Single by Don Ho

from the album Tiny Bubbles
- B-side: "Do I Love You?"
- Released: 1966
- Recorded: 1966
- Genre: Traditional pop
- Length: 2:45
- Label: Reprise
- Songwriter: Leon Pober
- Producer: Sonny Burke

= Tiny Bubbles =

"Tiny Bubbles" is a song written by Leon Pober and performed by Don Ho. It comes from the album of the same name. The single peaked at #57 on the Billboard Hot 100 and #14 on the Easy Listening charts in March 1967. By 1968, "Tiny Bubbles" was covered about 34 times.

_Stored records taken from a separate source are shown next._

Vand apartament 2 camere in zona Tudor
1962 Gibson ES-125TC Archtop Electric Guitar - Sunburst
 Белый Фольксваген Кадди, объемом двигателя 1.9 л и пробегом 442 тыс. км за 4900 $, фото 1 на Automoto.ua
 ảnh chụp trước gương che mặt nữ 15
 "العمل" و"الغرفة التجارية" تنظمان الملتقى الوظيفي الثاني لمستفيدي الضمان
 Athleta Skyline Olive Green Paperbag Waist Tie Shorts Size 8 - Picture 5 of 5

It was considered to be Ho's signature song.

==Production==
The song was requested by producer Sonny Burke after Ho couldn't successfully perform the song "Born Free". "Tiny Bubbles" was originally written for Lawrence Welk, since he tended to perform "champagne music". Welk turned it down, although he later performed the song several times on his television show after it became a hit.

==Legacy==
"Tiny Bubbles" was considered to be Ho's signature song. During one performance, after nearly thousands, Ho reportedly quipped "God, I hate that song".
- The second season of the American game show The Mole incorporated the song in a creative way - one test had a contestant confined to sleeping or staying on a bed while "Tiny Bubbles" was played on repeat in various versions (sped up, slowed down, backwards, etc). Fans believe it is an iconic moment of the short-lived series.
- It was featured in the 2001 film Bubble Boy.
- Alongside Ho's other songs, "E Le Ka Lei Lei (Beach Party Song)" and "Wish They Didn't Mean Goodbye", "Tiny Bubbles" was featured in the Season 7 Hawaii Five-0 episode, "Elua la ma Nowemapa".
- The song alone was also featured in the Season 3 episode, "Mohai".

==Covers==
- In 1966, Billy Vaughn released an instrumental cover and charted at #31 in the Bubbling Under Hot 100 Singles chart.
- In 1967, Roger Williams performed a piano version on the album, Roger!
- In 1968, American country singer Rex Allen released a cover, which peaked at #71 in the Billboard country charts.
- In 1974, Scottish country singer Sydney Devine performed "Tiny Bubbles" for his album, Encores; it is considered to be his signature song.
- Others who have done renditions of the tune included Al Caiola, Nora Aunor and Tiny Tim.